Researchers at Oregon State University have made a significant breakthrough in the technology to produce crystalline oxide films, which play roles in semiconductor chips, flat panel displays and many other electronic products.
In a report to be published in the journal Science, the OSU scientists explain a way to create these crystalline thin films at temperatures far lower than those used currently, and with no need to be produced in a vacuum as the current technology usually requires.
This fundamental advance may eventually open up important new applications in the electronics, computer and high technology industries, making new products possible or lowering the cost of those already being created.
According to Douglas Keszler, an OSU professor of chemistry, many electronic or photonic devices contain crystalline oxide films that can conduct electricity, serve as insulators or have desirable optical properties.
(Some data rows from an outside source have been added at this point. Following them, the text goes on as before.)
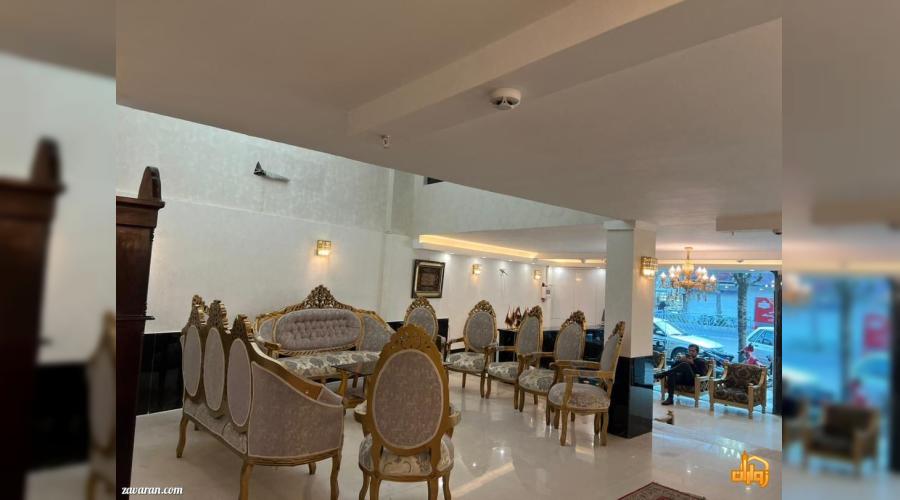 رزرو هتل و هتل آپارتمان ارزان مشهد فقط با پرداخت بیعانه رزرو هتل و هتل آپارتمان ارزان مشهد فقط با پرداخت بیعانه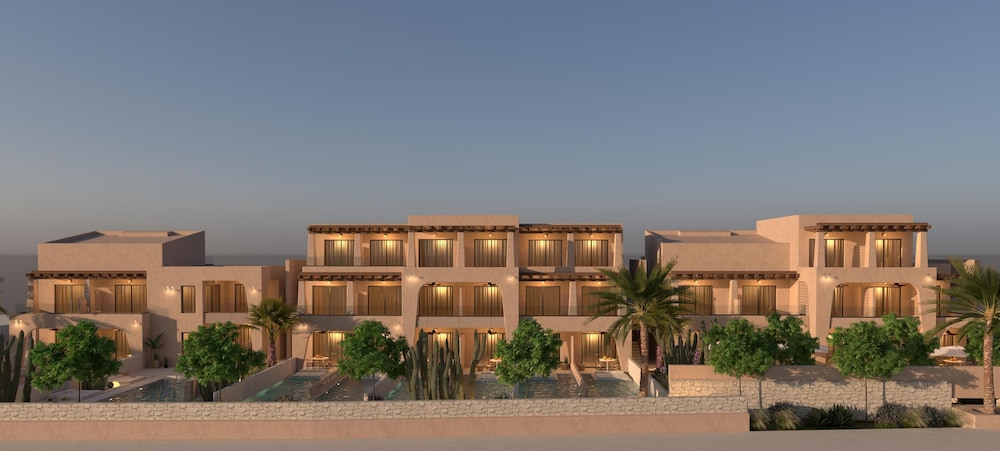 Oasis Beach Hotel - Adult Only 1/50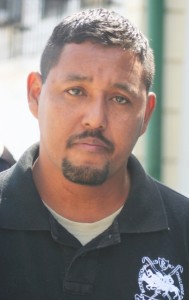 Lewis Leiva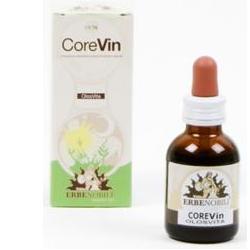 OLOSVITA COREVIN 50 ML - Farmastop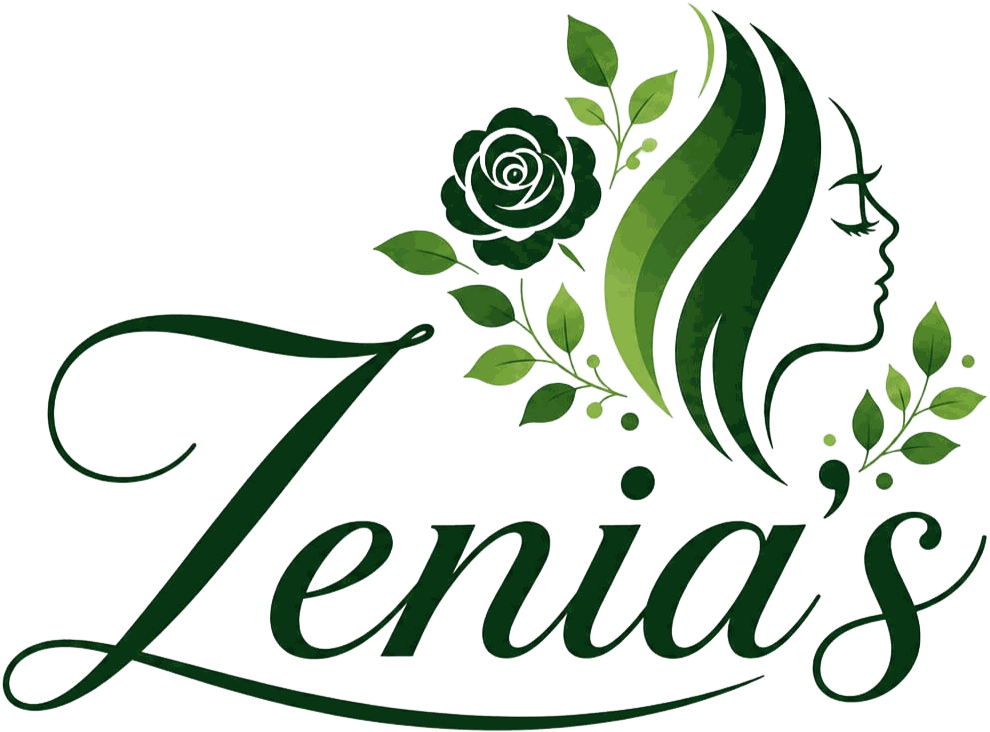 Zenia's Collection logo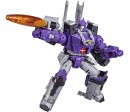 Transformers Toys Generations War for Cybertron: Kingdom Leader WFC-K28 Galvatron Action Figure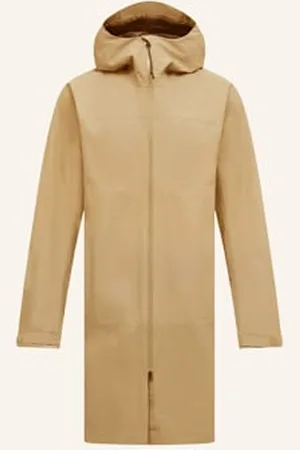 Peak Performance Parka Treeline Hipe beige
To achieve crystallinity, it’s usually necessary to manufacture the films in high vacuum conditions and at temperatures of more than 1,800 degrees. Sophisticated equipment is needed to achieve both the vacuum condition and high temperature, and the process is expensive.
By contrast, the new approach discovered by OSU scientists and engineers uses a simple, water-based chemistry to deposit and crystallise these films at lower temperatures, about 250 degrees. No vacuum is necessary.
‘We found that you can take certain materials that contain water and let them dehydrate slowly and at low temperatures, and still observe crystallinity,’ Keszler said. ‘Processing is done in a bath, rather than requiring expensive technology, vacuums and very high temperatures. There has never been a way before to both deposit and crystallise electronic or photonic films at such low temperatures.’
The very need for such high manufacturing temperatures, the OSU researchers said, has in fact precluded the use of these electronic thin films on some applications, such as plastics, that would melt and be destroyed by temperatures of 1,800 degrees. And the new approach could also facilitate cheaper mass production of some products, whereas in the past the need for sophisticated technology and space constraints might have limited manufacturers to making one product or a few at a time.
According to John Wager, a co-author on the study and professor of electrical and computer engineering at OSU, it may take further research and increased collaboration with private industry to implement the new approach in large-scale commercial manufacturing processes. But the possibilities seem promising, he said.
‘It’s always difficult to predict exactly how a new technology will be received and used in manufacturing products,’ Wager said. ‘But clearly this offers some ways to reduce costs or create new products that never were possible before.’